Во дворах сквозь мокрую землю пробивалась трава и первые цветы. В разгар рабочего дня здесь было пусто. Пара припаркованных машин покрылась падающей с веток пыльцой. Одинокая мамаша с бледным лицом и красными от бессонных ночей глазами толкала впереди себя коляску. Ребенок хныкал, она наклонялась и что-то говорила ему уставшим голосом.
Лавров огляделся. Ни доктора, ни женщины в красном пальто он не увидел. Кружа между домами, он проклинал себя за нерасторопность. Наконец он решил присесть на скамейку и подумать. Было слышно, как шаркает метлой дворник. Из открытого окна первого этажа раздавались звуки фортепиано – кто-то разучивал гаммы.
Лавров подошел к дворнику и спросил, не видел ли тот женщины в красном пальто.
– Третьего дня видел… – неохотно сообщил тот. – И сегодня тоже… Красивая дамочка, но как будто не в себе.
– Она живет в этих домах?
Дворник перестал мести, запустил пятерню в курчавую бороду и покачал головой.
– Почем я знаю?

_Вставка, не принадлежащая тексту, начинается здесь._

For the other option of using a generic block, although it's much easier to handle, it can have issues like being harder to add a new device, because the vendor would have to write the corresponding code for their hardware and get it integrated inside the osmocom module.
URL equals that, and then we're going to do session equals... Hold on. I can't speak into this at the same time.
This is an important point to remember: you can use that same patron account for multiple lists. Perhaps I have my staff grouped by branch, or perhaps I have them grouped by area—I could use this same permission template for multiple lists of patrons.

Каждого жильца не упомнишь…
– А мужчина здесь не проходил? Приличного вида, в куртке из коричневой кожи?
– Какие-то проходили… А ты кто будешь? – спросил он Лаврова. – Частный сыщик?
– Вроде того.
– Ты вот тоже в куртке, – заметил дворник. – Курево есть?
Лавров на такой случай всегда имел в запасе пачку сигарет.
– Угощайся…
– Я возьму две папироски? – обрадовался дворник.
– Бери, бери…
– Мужик, о котором ты спрашиваешь, два раза тут пробегал… будто чумной. То ли ищет кого, то ли следит за кем…
– Сегодня пробегал?
– И сегодня тоже… прямо перед тобой, – сказал дворник, прикуривая от зажигалки Лаврова. – Туда свернул…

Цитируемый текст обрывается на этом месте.